433 million users: Let the rich data come in
Now, LinkedIn officially a Microsoft company, the deal probably should, I assume, put its data off bound from Salesforce and other competition. That’s though, unlikely to happen. LinkedIn’s APIs are public and so is any other user profile data. But what could be off-bound from competition, is analytics. LinkedIn comes with a large volume of rich data of its about 433 million registered users, of which 2 million are paid subscribers. Add to that 1.2 billion Microsoft office users.
Over the years, LinkedIn has evolved from just being a professional network to a publishing platform as well. The acquisition of Pulse in 2013 paved the way. In 2015, it announced Analytics for Publishing. What can Analytics do?
- See the audience one is reaching by industry, location and even job title, and see if it aligns with the target audience
- See where traffic is being driven from and see where one can try to stimulate more traffic
- See patterns of visit behavior, and act to share further when traffic starts to tail off
- Engage with and thank the people who have read, liked, commented on or shared my work easily
Microsoft does have its own Analytics Platform System, which, pretty well speaks for itself and can sit pretty well on its cloud service, Azure. While it opens up vistas for building more data products, Microsoft does have Cortana Intelligence Suite, what it calls as “A fully managed big data and advanced analytics suite to transform your data into intelligent action.”

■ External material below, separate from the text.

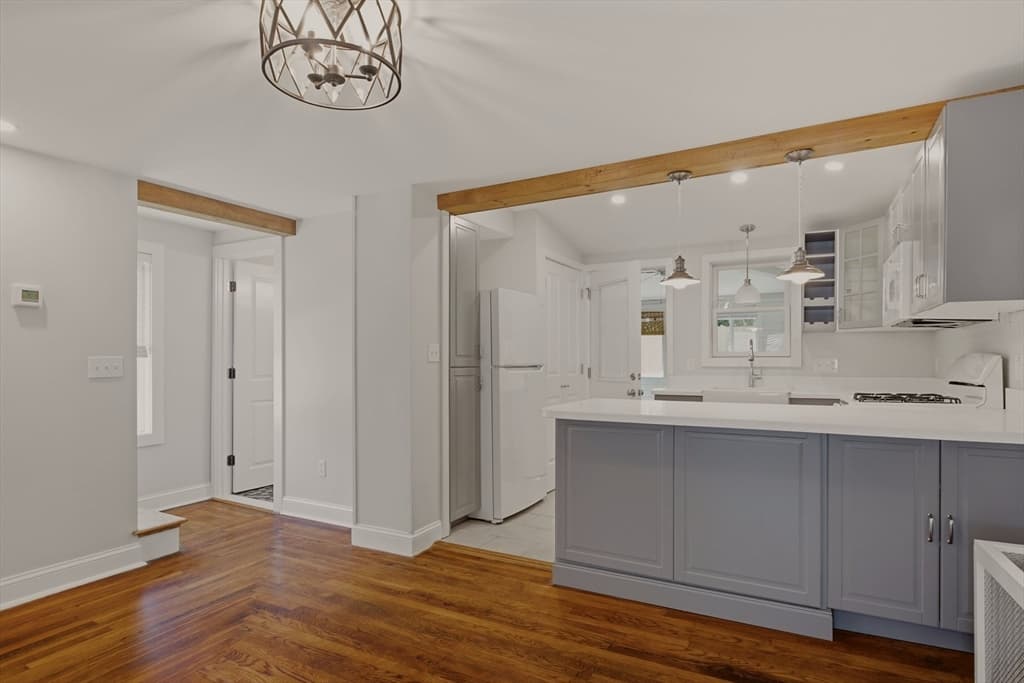 225 Mount Pleasant St, Fall River MA 02720 photo 4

Then LinkedIn has what it calls the Economic Graph, which in short, is “a digital mapping of the global economy.” In detail:
“It will include a profile for every one of the 3 billion members of the global workforce, enabling them to represent their professional identity and subsequently find and realize their most valuable opportunities. It will include a profile for every company in the world, who you know at those companies up to three degrees to help you get your foot in the door, and the product and services those companies offer to enable you to be more productive and successful. It will digitally represent every economic opportunity offered by those companies, full-time, temporary and volunteer, and every skill required to obtain those opportunities. It will include a digital presence for every higher education organization in the world that can help members obtain those skills. And it will overlay the professionally relevant knowledge of every one of those individuals, companies, and universities to the extent that they want to publicly share it.”
That is a whopping data of course. Nadella links the Economic Graph pretty well with the company’s cloud services, Azure.
A linked cloud
While answering an analyst’s question, as according to GeekWire, Nadella referred to Microsoft Graph – a unified API endpoint for accessing Outlook, OneDrive and other cloud-resident Microsoft data – calling it “the most strategic Microsoft app API, even for Azure developers.” Now, with the LinkedIn purchase, “We have one more: the LinkedIn Economic Graph,” GeekWire quoted Nadella as saying.
The online publication further quotes the Microsoft CEO:
“When you expose [these Graphs] to developers and then also give them all the cloud infrastructure, that’s when you have the higher value. The combination of these higher-level services that also have APIs, along with the infrastructure services, is what gives Microsoft’s cloud the most unique monetization capability and long-term return capability.”
We’ve already seen how Office 365 gets populated with LinkedIn data. And then there’s of course Azure to keep all this data afloat on cloud.